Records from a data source

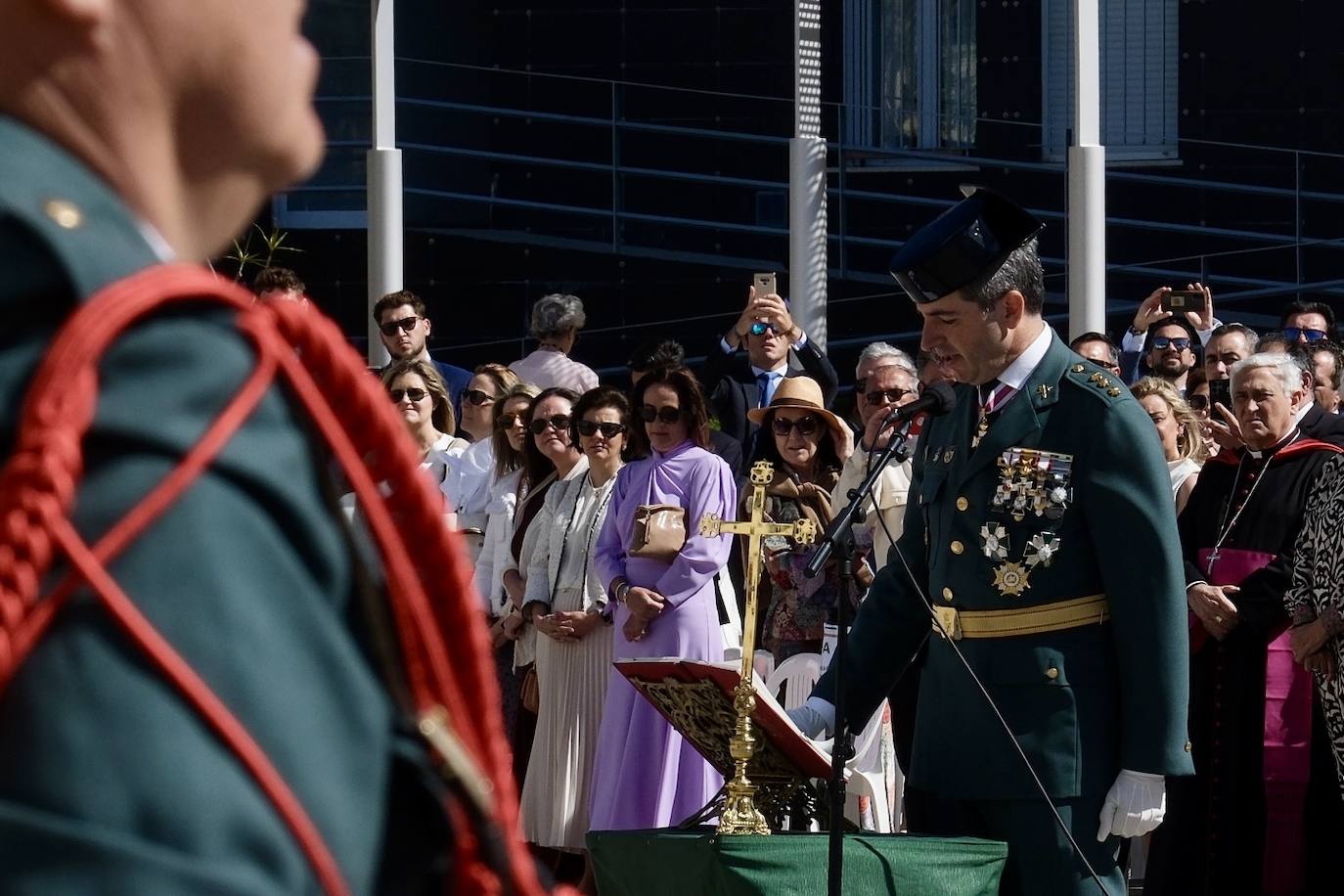 Fotos: Así ha sido la toma de posesión del nuevo jefe de la Comandancia, el coronel Luis Martín Velasco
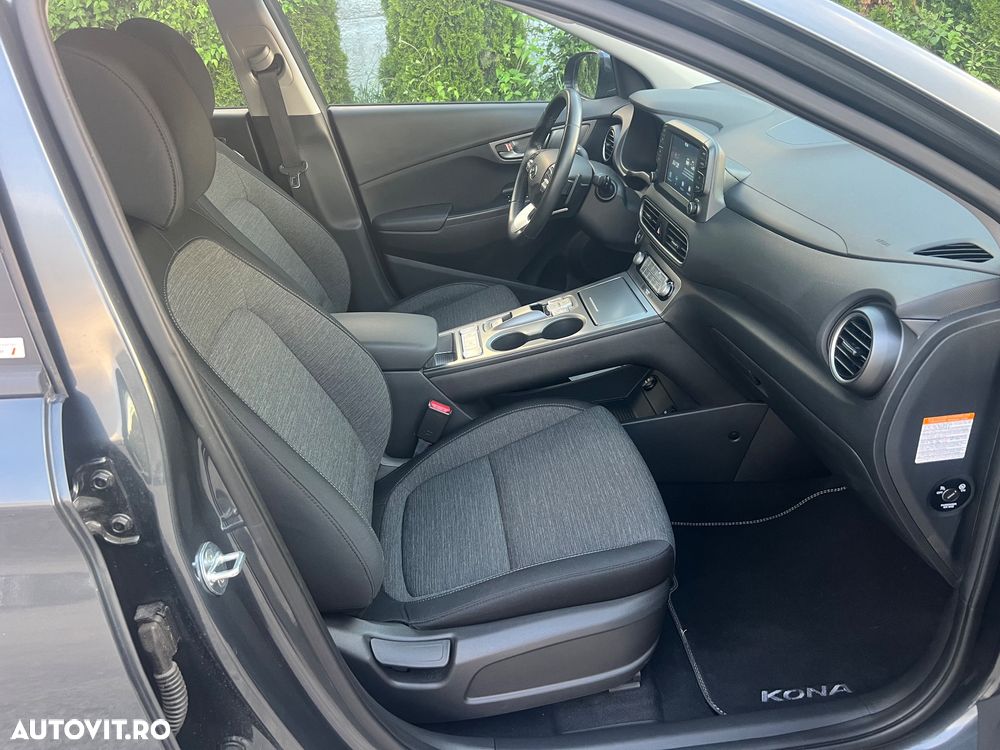 Hyundai KONA Select - 7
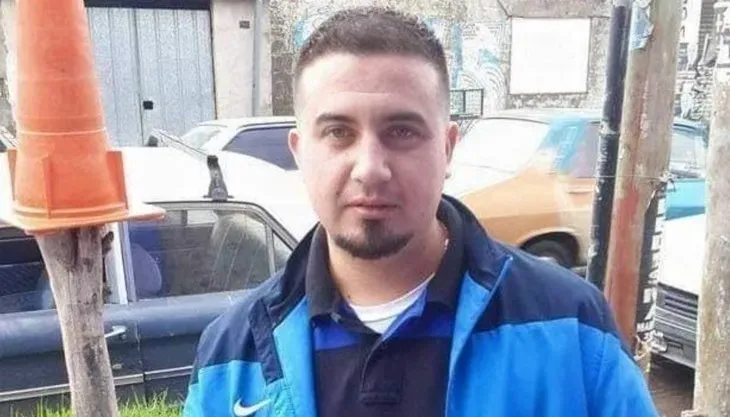 Escrachó a una heladería por culpa de la menta granizada y "lo mataron" en las redes
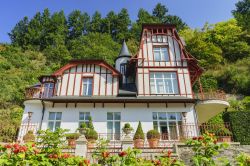 Una casa affacciata su una storica via nei pressi del castello di Vianden, Lussemburgo - © Kit Leong / Shutterstock.com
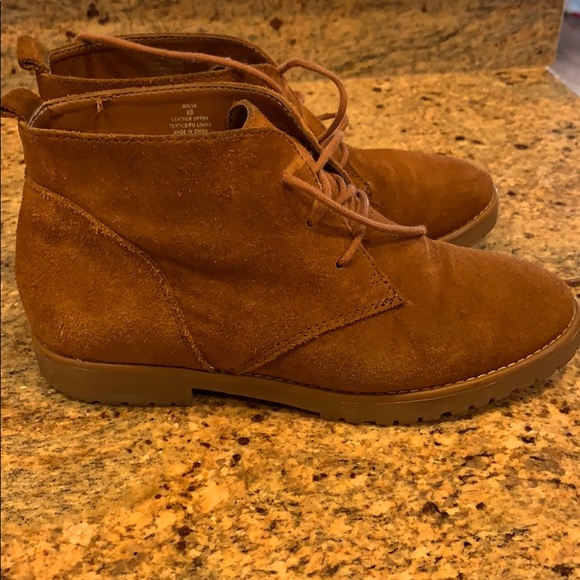 Ralph Lauren suede boot - Picture 1 of 3
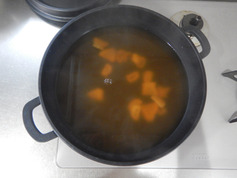鶏だんごともやしのエスニック鍋200125_cotta-P2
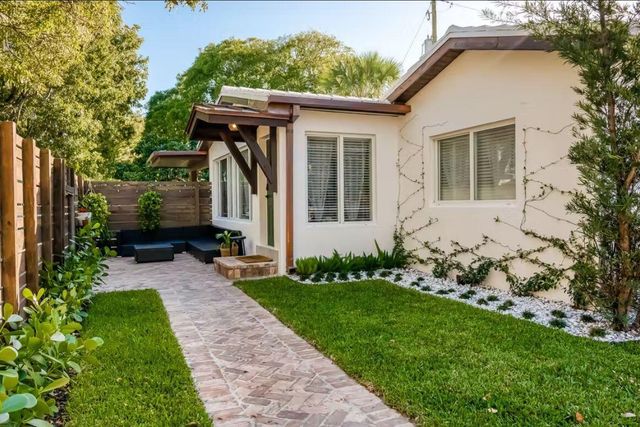 706 Sunset Road, West Palm Beach, FL 33401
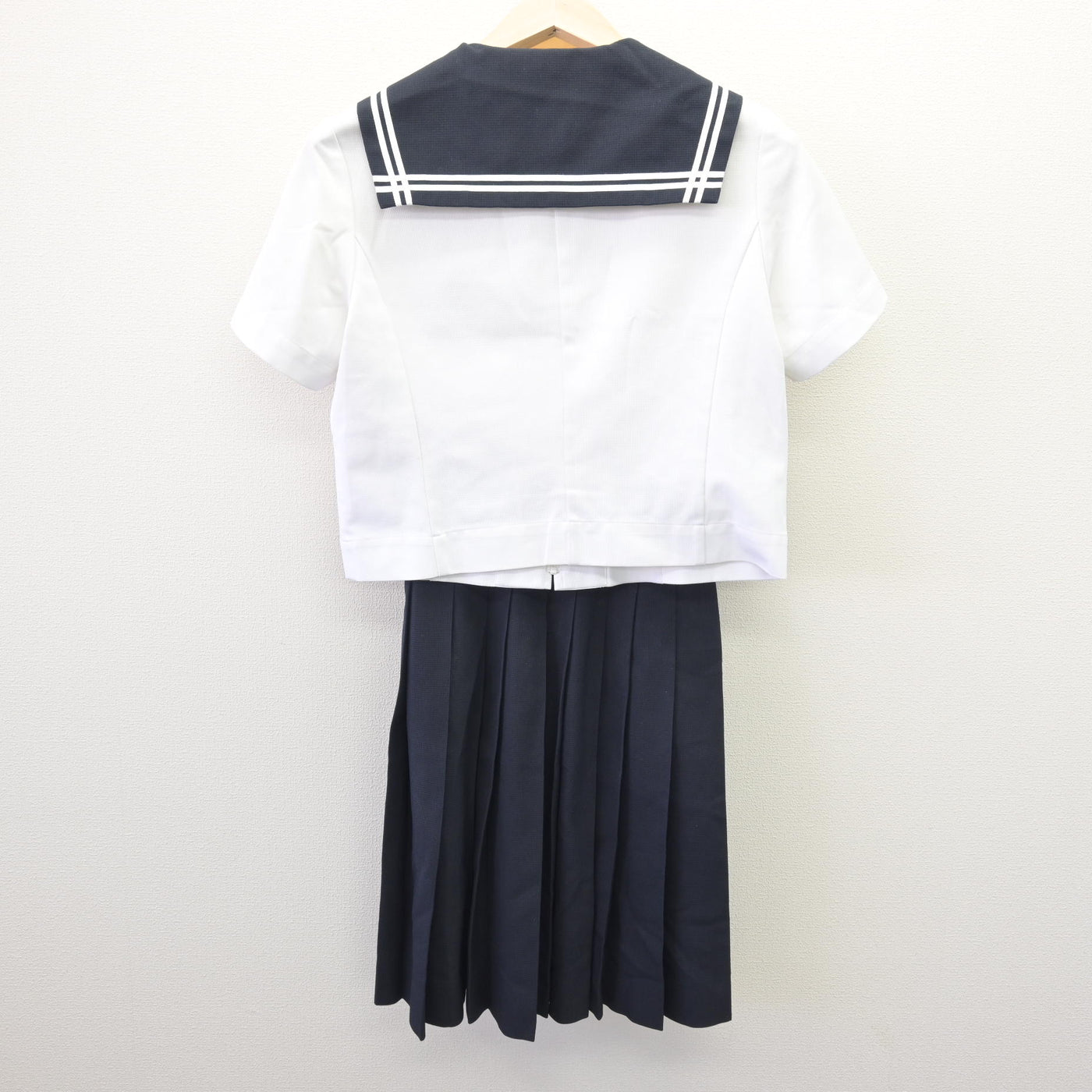 【中古】埼玉県 星野学園中学校 女子制服 2点 (セーラー服・スカート) sf114509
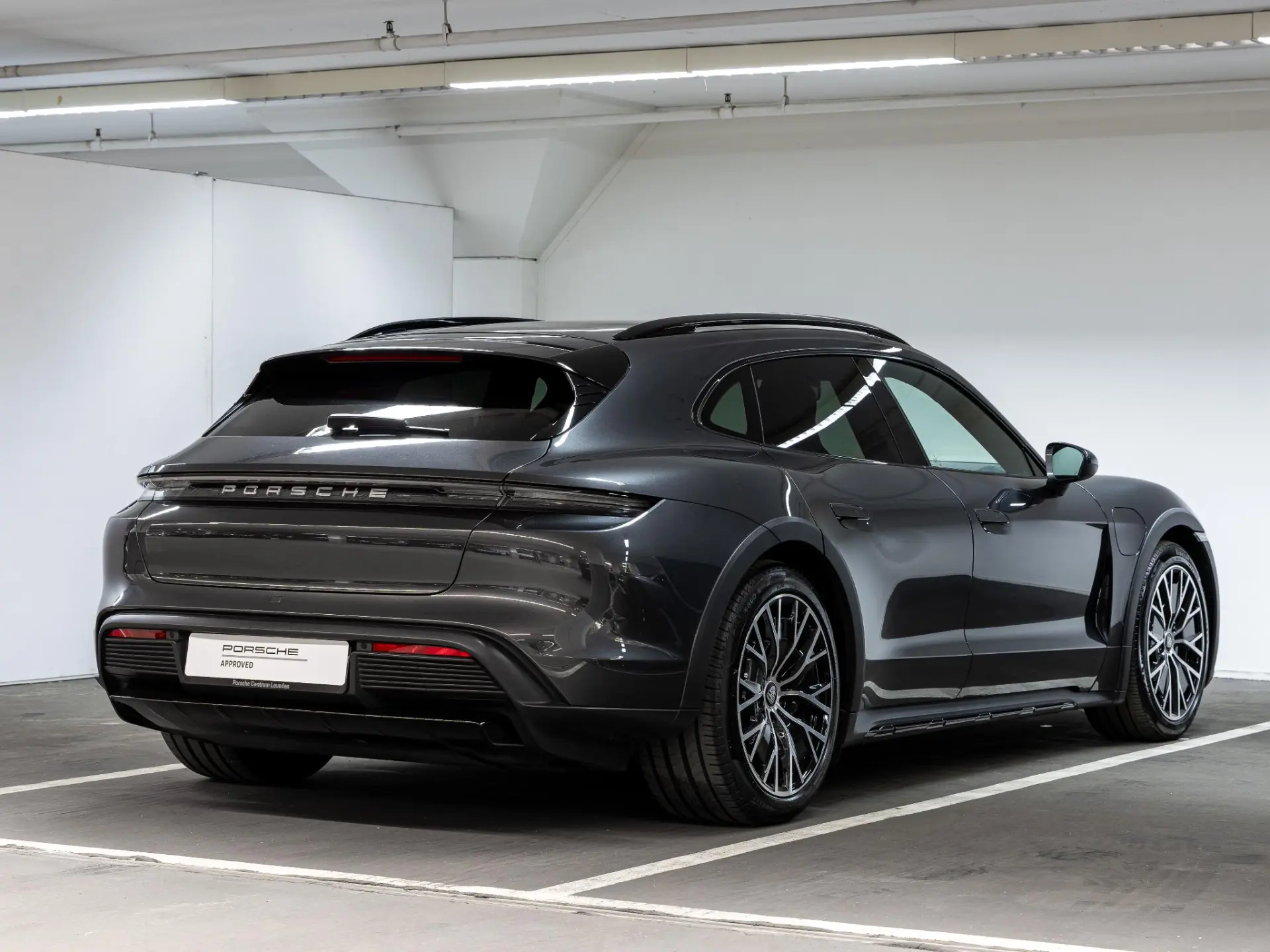 Taycan Cross Turismo 4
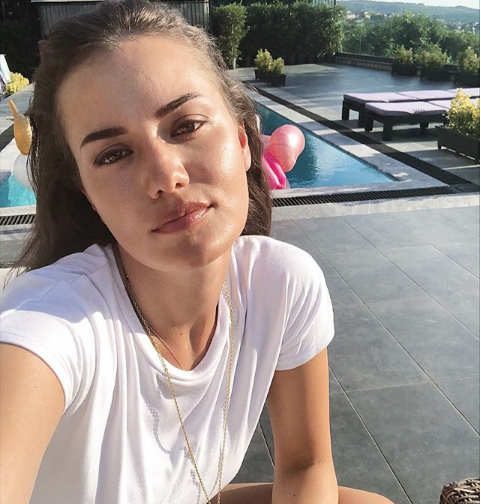 Burak Özçivit ve Fahriye Evcen bebek önlemini abarttı yanında bakın ne taşıyor - Resim: 4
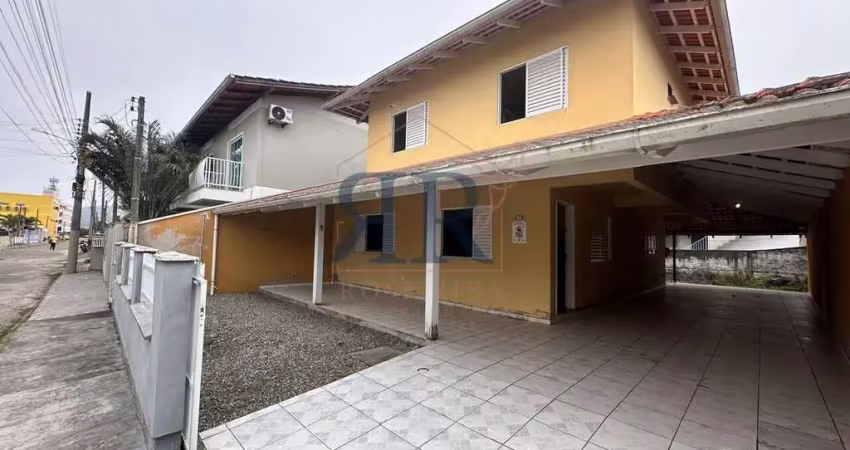 Casa à venda em penha-sc, a menos de 300 metros do mar!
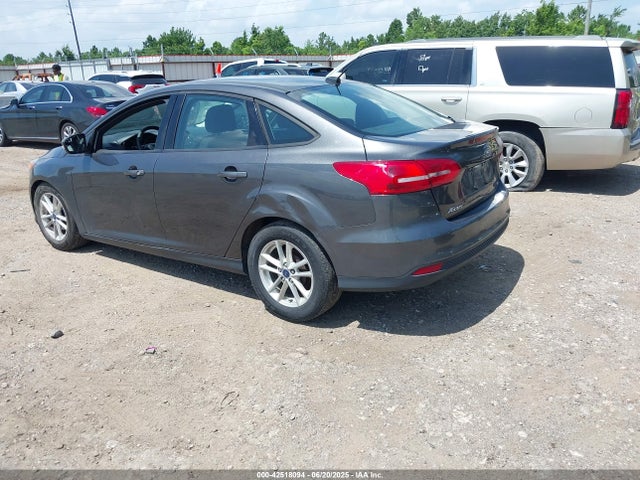 Ford 2016 2016 1FADP3F26GL317853 Image 3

WORK TO BE COMPLETED:
Set down, word for word, the line that holds "Taycan Cross Turismo 4" and all lines after it to the end of the entries above, but not the pictures.

TASK SOLUTION:
 Taycan Cross Turismo 4
 Burak Özçivit ve Fahriye Evcen bebek önlemini abarttı yanında bakın ne taşıyor - Resim: 4
 Casa à venda em penha-sc, a menos de 300 metros do mar!
 Ford 2016 2016 1FADP3F26GL317853 Image 3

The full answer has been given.